Problem to solve>
All lines from the one with "Abber Pol 316" through the last are to be given again exactly as they stand in the data below, and only those.

[Short text fragments from websites]
^^^^^^^^^^^^^^^^
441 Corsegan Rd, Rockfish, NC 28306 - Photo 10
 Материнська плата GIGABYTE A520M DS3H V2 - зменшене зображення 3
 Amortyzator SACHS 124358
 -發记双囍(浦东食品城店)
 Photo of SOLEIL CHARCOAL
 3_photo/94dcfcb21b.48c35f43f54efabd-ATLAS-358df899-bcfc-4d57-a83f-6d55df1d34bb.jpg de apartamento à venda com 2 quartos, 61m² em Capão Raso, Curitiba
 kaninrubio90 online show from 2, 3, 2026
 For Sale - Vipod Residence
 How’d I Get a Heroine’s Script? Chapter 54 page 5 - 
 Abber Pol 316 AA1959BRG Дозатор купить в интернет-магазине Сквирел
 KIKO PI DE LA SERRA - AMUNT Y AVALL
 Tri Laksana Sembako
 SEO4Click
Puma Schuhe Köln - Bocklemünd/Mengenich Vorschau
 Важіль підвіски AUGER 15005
^^^^^^^^^^^^^^^^
Answer box>
 Abber Pol 316 AA1959BRG Дозатор купить в интернет-магазине Сквирел
 KIKO PI DE LA SERRA - AMUNT Y AVALL
 Tri Laksana Sembako
 SEO4Click
Puma Schuhe Köln - Bocklemünd/Mengenich Vorschau
 Важіль підвіски AUGER 15005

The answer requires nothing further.